I only stop here because I know this post is getting quite long. I think I made my point. You may wonder how joy keeps bubbling to the top, even as tears of pain spill over my eyes… Jesus has given us the most incredible gift in all of you.
Generosity at this level can feel heavy. But through this journey, we have changed. We’ve learned to say “yes, please” and “we need you”. As a result, our hearts have burst open to be filled with enough. Enough to do this journey courageously. My prayer is that it’s enough to spill out onto others who need the same thing we needed and continue to need; love, support, prayer, and hands locking hands saying “you are not alone”. Oh how I no longer live to check off a bucket list, but rather to pour my bucket out even as God is filling it so others experience the goodness of God and his love for each and every one of us.

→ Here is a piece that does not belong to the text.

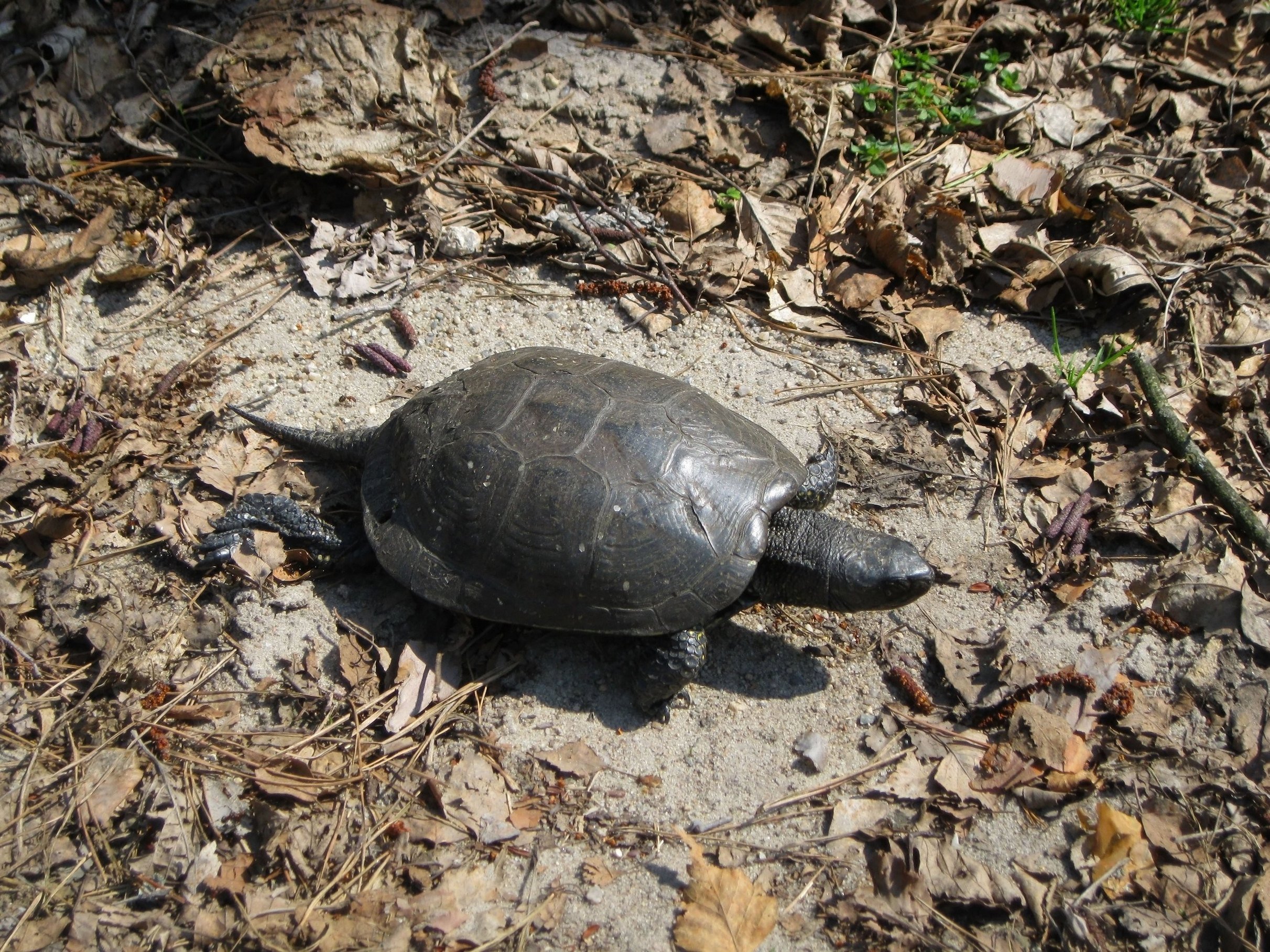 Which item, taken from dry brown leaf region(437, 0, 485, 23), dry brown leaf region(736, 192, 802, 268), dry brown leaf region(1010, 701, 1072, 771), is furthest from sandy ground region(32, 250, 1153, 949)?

To you, thank you. I’m forever grateful to journey this with you as I share the words on my heart through this blog. Our journey is no where near over and I continue to dream of what God will keep doing to redeem the pain and heartache of this life. I’m excited for what is to come even as we live in great uncertainty with Ely and the grief of saying good bye for now to Titus. Uncertainty and grief do not equal hopelessness, but rather I have hope and great anticipation for what is to come. Thanks for journeying with us.